• _PROBLEM TO SOLVE_
The entries below contain a line with "175/65R15 ル・マンⅤ トヨタ純正鉄チンセット 175/65R15" and a line with "1-door sideboard in gray patinated wood". Quote exactly those two lines and all lines between them.

-*-

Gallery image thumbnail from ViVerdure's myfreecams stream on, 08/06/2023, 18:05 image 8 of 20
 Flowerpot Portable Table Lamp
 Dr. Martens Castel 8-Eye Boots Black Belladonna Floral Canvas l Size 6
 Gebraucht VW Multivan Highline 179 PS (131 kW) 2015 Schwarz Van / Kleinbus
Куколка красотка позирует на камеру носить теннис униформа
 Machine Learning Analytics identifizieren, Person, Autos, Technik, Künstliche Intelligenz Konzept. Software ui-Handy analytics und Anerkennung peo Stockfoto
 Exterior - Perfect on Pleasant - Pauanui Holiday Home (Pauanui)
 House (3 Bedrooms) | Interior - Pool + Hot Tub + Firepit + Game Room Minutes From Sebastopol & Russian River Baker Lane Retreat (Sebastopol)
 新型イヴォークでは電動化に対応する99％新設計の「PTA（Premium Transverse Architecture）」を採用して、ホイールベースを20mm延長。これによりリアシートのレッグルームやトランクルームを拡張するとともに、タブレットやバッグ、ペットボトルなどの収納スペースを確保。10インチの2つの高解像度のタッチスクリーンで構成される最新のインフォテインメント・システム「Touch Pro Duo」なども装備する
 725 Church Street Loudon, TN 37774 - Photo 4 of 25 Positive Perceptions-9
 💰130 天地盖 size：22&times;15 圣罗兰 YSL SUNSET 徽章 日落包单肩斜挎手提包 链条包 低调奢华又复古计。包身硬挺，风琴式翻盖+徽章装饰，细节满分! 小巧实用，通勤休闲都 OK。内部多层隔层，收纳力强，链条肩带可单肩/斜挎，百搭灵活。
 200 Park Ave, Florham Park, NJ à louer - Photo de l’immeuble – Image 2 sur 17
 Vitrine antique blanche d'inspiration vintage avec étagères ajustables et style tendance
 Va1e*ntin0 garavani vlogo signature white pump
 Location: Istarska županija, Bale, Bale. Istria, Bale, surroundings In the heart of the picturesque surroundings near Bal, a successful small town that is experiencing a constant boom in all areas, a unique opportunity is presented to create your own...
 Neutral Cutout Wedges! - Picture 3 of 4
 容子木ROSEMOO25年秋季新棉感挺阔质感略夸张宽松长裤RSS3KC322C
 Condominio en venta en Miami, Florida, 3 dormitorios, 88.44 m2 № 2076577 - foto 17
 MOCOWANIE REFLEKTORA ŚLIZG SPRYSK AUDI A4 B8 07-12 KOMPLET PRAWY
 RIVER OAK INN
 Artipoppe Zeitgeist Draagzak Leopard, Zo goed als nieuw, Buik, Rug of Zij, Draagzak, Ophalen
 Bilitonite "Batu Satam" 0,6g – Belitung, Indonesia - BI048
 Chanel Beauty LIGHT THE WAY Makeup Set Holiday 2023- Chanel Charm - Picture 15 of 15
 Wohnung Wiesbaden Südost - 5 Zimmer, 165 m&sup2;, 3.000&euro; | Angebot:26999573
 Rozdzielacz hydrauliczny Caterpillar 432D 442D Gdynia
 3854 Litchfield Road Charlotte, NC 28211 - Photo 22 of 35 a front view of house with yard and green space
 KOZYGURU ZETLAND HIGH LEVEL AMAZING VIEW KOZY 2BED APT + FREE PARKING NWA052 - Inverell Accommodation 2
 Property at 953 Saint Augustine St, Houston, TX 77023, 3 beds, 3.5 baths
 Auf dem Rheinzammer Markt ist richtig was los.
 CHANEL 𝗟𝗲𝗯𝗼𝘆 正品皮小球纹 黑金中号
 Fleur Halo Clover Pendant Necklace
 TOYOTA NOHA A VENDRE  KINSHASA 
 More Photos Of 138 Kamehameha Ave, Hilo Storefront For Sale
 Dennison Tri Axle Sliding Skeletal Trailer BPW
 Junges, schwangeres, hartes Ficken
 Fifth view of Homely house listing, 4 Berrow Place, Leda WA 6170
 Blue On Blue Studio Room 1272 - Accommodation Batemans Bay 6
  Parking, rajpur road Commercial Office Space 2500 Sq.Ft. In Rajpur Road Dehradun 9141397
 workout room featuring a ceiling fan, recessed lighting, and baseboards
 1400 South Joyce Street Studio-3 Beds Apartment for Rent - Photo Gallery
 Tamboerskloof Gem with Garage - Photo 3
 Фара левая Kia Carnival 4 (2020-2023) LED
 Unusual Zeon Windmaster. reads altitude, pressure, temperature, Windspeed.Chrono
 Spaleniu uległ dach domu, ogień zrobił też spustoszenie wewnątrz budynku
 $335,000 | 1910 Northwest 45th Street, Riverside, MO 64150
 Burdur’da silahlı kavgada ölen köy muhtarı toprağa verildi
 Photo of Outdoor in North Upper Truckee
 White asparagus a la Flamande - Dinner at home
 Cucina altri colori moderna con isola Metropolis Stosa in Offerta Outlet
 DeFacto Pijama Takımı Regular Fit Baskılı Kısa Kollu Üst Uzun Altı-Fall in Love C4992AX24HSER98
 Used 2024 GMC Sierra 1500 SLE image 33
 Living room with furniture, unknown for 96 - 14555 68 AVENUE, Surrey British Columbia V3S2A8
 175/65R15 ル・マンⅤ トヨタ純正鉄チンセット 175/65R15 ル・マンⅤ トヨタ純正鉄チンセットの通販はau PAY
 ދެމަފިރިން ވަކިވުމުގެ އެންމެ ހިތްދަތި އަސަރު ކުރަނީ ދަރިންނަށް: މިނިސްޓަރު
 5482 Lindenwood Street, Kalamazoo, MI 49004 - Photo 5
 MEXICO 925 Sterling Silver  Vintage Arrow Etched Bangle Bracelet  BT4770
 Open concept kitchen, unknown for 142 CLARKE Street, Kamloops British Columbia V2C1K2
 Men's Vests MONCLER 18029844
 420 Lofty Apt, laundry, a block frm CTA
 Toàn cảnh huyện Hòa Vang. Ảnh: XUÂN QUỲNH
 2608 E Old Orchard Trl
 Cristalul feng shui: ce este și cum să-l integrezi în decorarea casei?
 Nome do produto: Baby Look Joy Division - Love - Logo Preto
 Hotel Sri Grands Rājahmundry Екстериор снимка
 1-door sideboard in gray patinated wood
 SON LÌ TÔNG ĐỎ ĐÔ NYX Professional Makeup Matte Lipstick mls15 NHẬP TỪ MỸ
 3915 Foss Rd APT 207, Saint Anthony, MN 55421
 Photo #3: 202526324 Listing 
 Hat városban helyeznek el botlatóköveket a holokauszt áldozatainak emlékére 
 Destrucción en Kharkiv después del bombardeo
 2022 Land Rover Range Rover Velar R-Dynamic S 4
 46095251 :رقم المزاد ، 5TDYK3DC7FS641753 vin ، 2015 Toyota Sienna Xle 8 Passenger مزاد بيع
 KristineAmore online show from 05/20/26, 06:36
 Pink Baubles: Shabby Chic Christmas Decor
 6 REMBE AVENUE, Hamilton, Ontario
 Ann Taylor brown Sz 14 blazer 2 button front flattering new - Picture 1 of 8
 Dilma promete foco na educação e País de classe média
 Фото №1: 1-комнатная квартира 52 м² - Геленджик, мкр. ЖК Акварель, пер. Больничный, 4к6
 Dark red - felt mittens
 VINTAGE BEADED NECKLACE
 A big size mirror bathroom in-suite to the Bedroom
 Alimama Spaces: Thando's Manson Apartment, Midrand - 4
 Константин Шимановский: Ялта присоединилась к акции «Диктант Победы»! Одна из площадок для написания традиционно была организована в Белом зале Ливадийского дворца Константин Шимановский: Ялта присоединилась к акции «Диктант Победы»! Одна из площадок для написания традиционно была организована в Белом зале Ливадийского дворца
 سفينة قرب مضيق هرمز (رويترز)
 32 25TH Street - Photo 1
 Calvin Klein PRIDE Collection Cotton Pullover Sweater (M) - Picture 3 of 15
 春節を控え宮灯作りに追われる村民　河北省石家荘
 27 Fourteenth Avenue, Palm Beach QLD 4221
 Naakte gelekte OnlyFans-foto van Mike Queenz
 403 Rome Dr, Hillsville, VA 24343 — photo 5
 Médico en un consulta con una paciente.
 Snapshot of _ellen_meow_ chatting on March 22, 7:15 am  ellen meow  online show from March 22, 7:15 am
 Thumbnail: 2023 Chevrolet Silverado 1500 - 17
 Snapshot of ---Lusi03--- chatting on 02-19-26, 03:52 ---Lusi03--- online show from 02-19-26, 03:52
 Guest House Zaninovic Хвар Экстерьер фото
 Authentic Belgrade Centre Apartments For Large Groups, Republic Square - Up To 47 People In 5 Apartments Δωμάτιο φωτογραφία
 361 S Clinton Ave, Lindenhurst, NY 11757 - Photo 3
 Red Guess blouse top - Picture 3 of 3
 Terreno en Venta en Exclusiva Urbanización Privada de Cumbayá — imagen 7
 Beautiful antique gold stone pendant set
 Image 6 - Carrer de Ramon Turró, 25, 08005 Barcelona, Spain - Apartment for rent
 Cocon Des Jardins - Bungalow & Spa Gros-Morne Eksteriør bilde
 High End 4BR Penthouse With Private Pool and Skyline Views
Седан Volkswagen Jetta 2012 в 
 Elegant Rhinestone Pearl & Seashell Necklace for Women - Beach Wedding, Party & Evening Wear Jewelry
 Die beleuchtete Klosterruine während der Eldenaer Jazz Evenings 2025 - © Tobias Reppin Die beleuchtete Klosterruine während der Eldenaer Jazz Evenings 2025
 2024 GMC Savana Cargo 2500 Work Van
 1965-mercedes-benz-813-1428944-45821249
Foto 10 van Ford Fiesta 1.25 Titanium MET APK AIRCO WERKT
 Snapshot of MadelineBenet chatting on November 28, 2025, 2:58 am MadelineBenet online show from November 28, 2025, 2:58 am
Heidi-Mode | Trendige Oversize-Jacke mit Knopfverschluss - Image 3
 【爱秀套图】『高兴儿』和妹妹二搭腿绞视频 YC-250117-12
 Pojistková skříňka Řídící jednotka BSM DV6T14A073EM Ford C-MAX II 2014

-*-

• _RESULT OF THE EXERCISE_
 175/65R15 ル・マンⅤ トヨタ純正鉄チンセット 175/65R15 ル・マンⅤ トヨタ純正鉄チンセットの通販はau PAY
 ދެމަފިރިން ވަކިވުމުގެ އެންމެ ހިތްދަތި އަސަރު ކުރަނީ ދަރިންނަށް: މިނިސްޓަރު
 5482 Lindenwood Street, Kalamazoo, MI 49004 - Photo 5
 MEXICO 925 Sterling Silver  Vintage Arrow Etched Bangle Bracelet  BT4770
 Open concept kitchen, unknown for 142 CLARKE Street, Kamloops British Columbia V2C1K2
 Men's Vests MONCLER 18029844
 420 Lofty Apt, laundry, a block frm CTA
 Toàn cảnh huyện Hòa Vang. Ảnh: XUÂN QUỲNH
 2608 E Old Orchard Trl
 Cristalul feng shui: ce este și cum să-l integrezi în decorarea casei?
 Nome do produto: Baby Look Joy Division - Love - Logo Preto
 Hotel Sri Grands Rājahmundry Екстериор снимка
 1-door sideboard in gray patinated wood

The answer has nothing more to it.